The governor, at a Capitol news conference with state and federal disaster officials, noted that snowpack and “stored moisture” in river basins remain at record levels and that most rivers are already full.
“You don’t need a $2 calculator to know that we’re going to have some flooding,” he said.
As he spoke, Schweitzer pointed to a map showing 20 sites, from Kalispell to Glendive, that are at or near flood stage along numerous rivers. With more rain in the immediate forecast and much snow yet to melt, water should remain high for weeks, he said.
The worst flooding is expected to continue along the Musselshell, Smith and Judith rivers in central Montana, which have already inundated Roundup and areas near Harlowton, Ryegate and Lewistown, and the Tongue and Powder rivers in southeastern Montana, Schweitzer said.
He also said he’d be “concerned” about anywhere along the Yellowstone River in southern and eastern Montana, and the city of Great Falls, which lies at the confluence of the Sun and Missouri rivers, which have huge amounts of snow remaining in their respective basins.
Meanwhile, officials from the Federal Emergency Management Agency are in Montana and damage assessment teams will be deployed by Thursday, fanning out across the state to tally up damage to public infrastructure, said Michael Ordonez of FEMA’s regional office in Denver.
The information will be used to assess whether parts of Montana should be declared a disaster area and become eligible for federal help in rebuilding infrastructure.
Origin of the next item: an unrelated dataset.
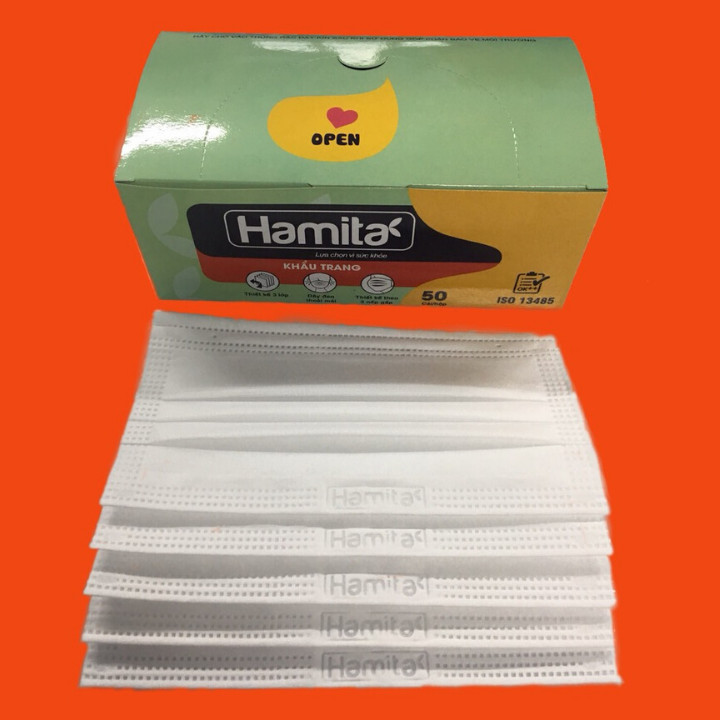 Khẩu trang y tế Hamita 3 lớp (Hộp 50 cái) HMT7 - ISO13485, CE, FDA - Tỷ lệ chống nhiễm khuẩn 99,9%, Thông thoáng, không gây đau tai, không kích ứng da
The state must exceed $1.2 million in damage before becoming eligible for a declaration, after which the federal government would pay 75 percent of the rebuilding costs, the governor said.
However, that aid would focus on infrastructure and won’t reimburse individuals for damage to their home or property, officials said.
Ordonez said there’s a separate process for determining whether Montana is eligible for federal aid to individuals harmed by a disaster, and other programs that may cover damage to agriculture.
The governor said people shouldn’t expect aid from the federal government, but should assess damages and report them to insurers and local emergency officials, in case Montana becomes eligible.
“What the state of Montana is going to be on the hook for is state highways, bridges, roads and access sites,” Schweitzer said. “With a presidential (disaster) declaration, hopefully we’ll unload a little bit of that on the federal government.”
Schweitzer said he hopes a disaster declaration for infrastructure will occur within a week or so.
The Montana National Guard also has 98 soldiers working traffic control near Roundup and on the Crow Indian Reservation, warning residents against entering areas still deemed dangerous.
But Adjutant Gen. John Walsh said the Guard isn’t preventing anyone from returning to their homes if they want to.
Schweitzer also said the Guard will be in the field as briefly as possible, because of the cost to the state, and that local officials shouldn’t request help from the Guard unless they’ve exhausted all local resources.
“Don’t ask us to send in the National Guard to fill sandbags,” he said.